Better speed can be achieved with apex installed from https://www.github.com/nvidia/apex.


### For AllenNLP to work, usually we need to find two things: data reader and model.

In [0]:
class JobReader(DatasetReader):
    def __init__(self, token_indexers: Dict[str, TokenIndexer] = None) -> None:
        super().__init__(lazy=False)
        self.token_indexers = token_indexers or {"tokens": SingleIdTokenIndexer()}
        
    def text_to_instance(self, tokens: List[Token], tag: int = None) -> Instance:
        job_field = TextField(tokens, self.token_indexers)
        fields = {"tokens": job_field}
        
        label_field = LabelField(label=str(tag))
        fields["label"] = label_field

        return Instance(fields)
    
    def _read(self, file_path: str) -> Iterator[Instance]:
        with (open(file_path, "rb")) as openfile:
            basic = pickle.load(openfile)
        for each in basic:
            text = [x.strip().split()+['<eos>'] for x in each['text'] if x!='']
            words = list(itertools.chain(*text))
            yield self.text_to_instance([Token(word) for word in words], each['salary_range'])


In [0]:
class LstmClassifier(Model):
    def __init__(self,
                 word_embeddings: TextFieldEmbedder,
                 encoder: Seq2VecEncoder,
                 vocab: Vocabulary) -> None:
        super().__init__(vocab)
        self.word_embeddings = word_embeddings

        self.encoder = encoder

        self.hidden2tag = torch.nn.Linear(in_features=encoder.get_output_dim(),
                                          out_features=vocab.get_vocab_size('labels'))
        self.metrics = {
            "accuracy": CategoricalAccuracy()
        }

        self.loss_function = torch.nn.CrossEntropyLoss()

    def forward(self,
                tokens: Dict[str, torch.Tensor],
                label: torch.Tensor = None) -> torch.Tensor:
        mask = get_text_field_mask(tokens)

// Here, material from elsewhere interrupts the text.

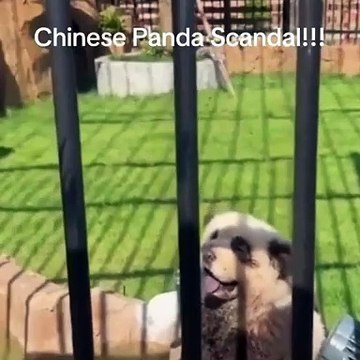 Zoológico admite ter pintado cachorros para parecerem com pandas na China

        embeddings = self.word_embeddings(tokens)
        encoder_out = self.encoder(embeddings, mask)
        logits = self.hidden2tag(encoder_out)

        output = {"logits": logits}
        if label is not None:
            for metric in self.metrics.values():
                metric(logits, label)
            output["loss"] = self.loss_function(logits, label)

        return output
    def get_metrics(self, reset: bool = False) -> Dict[str, float]:
        return {metric_name: metric.get_metric(reset) for metric_name, metric in self.metrics.items()}

### To access the data in my Google Drive, I need the following code to attach that path to our working environment.

In [6]:
from google.colab import drive
drive.mount('/content/gdrive')

Go to this URL in a browser: https://accounts.google.com/o/oauth2/auth?client_id=947318989803-6bn6qk8qdgf4n4g3pfee6491hc0brc4i.apps.googleusercontent.com&redirect_uri=urn%3Aietf%3Awg%3Aoauth%3A2.0%3Aoob&scope=email%20https%3A%2F%2Fwww.googleapis.com%2Fauth%2Fdocs.test%20https%3A%2F%2Fwww.googleapis.com%2Fauth%2Fdrive%20https%3A%2F%2Fwww.googleapis.com%2Fauth%2Fdrive.photos.readonly%20https%3A%2F%2Fwww.googleapis.com%2Fauth%2Fpeopleapi.readonly&response_type=code

Enter your authorization code:
··········
Mounted at /content/gdrive


In [0]:
# import pickle
# with open('/content/gdrive/My Drive/2.1_data.pkl', 'rb') as handle:
#     d = pickle.load(handle)

# import numpy as np
# a, b, c = np.split(np.random.permutation(len(d)), [int(0.7*len(d)), int(0.9*len(d))])
# with open('/content/gdrive/My Drive/2.1_train.pkl', 'wb') as handle:
#     pickle.dump([d[i] for i in a], handle, protocol=pickle.HIGHEST_PROTOCOL)
# with open('/content/gdrive/My Drive/2.1_dev.pkl', 'wb') as handle:
#     pickle.dump([d[i] for i in b], handle, protocol=pickle.HIGHEST_PROTOCOL)
# with open('/content/gdrive/My Drive/2.1_test.pkl', 'wb') as handle:
#     pickle.dump([d[i] for i in c], handle, protocol=pickle.HIGHEST_PROTOCOL)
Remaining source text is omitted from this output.